大阪で、ゴキブリの事を、「あぶらむし」、と言う。
東京では、誰も言わない言葉だ。
だが、最近では、大阪でも、「あぶらむし」 と言わないで、ゴキブリと言う人も増えてきた。
多分、テレビで、ゴキブリがどうだとか、ゴキブリ退治に何々とか、言っているので、皆、自然に、ゴキブリという言い方が、身についたのだろう。
ゴキブリ、が全国で通じる言葉なのに比べて、全国に広がっていない言葉もある。
その一つに、「ものもらい」 がある。
これ、大阪では、絶対に、「めばちこ」 と言う。
東京で、「めばちこ」 と言っても、誰もわかってもらえない。
(これ、他の地方では、「めぼ」 と言う言い方もあるらしい。
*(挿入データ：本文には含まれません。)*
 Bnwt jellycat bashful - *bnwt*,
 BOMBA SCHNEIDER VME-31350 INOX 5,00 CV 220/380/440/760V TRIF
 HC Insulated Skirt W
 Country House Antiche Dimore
)
先日、しょうゆに比べて、ソースは地域性の強い食品だ、という事を書いた。
それは、ソースは、しょうゆほどに、生活必需食品ではないからだろう、と私は考えた。
「ものもらい」 という言葉も、ソースと似たような理由で、全国に広まらないのだ、と思う。
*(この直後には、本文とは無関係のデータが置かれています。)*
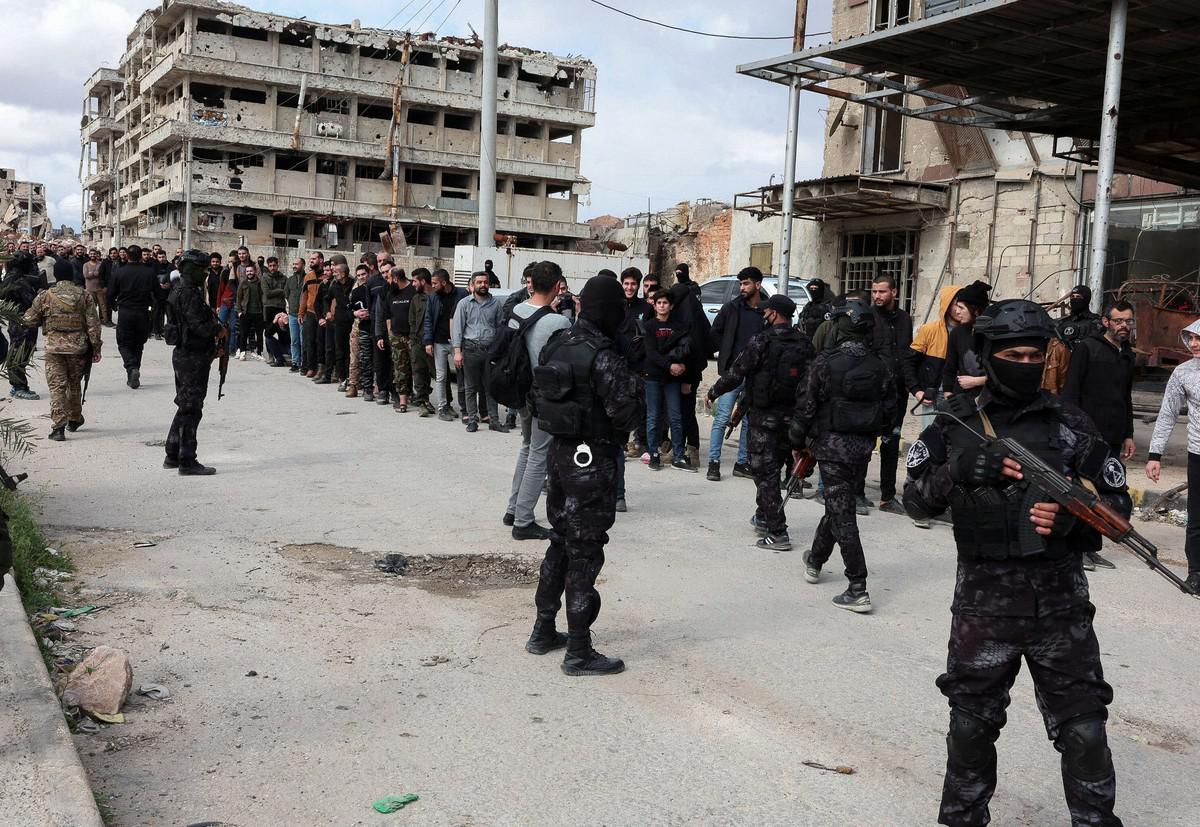 اتفاق وقف القتال في حلب تم برعاية أميركية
「ものもらい」 って、そう頻繁に、起こらない病気だし、起こっても、数日たてば治ってしまう。
つまり、そんなに、大病ではないゆえに、この言葉は、全国に広まらないのだ、と考える。
私は現在、東京にいる。
先日、私は何年かぶりに、「めばちこ」 になった。
が、私はどうしても、それを 「ものもらい」 と説明する事ができないまま、その「めばちこ」 は治ってしまったのだった。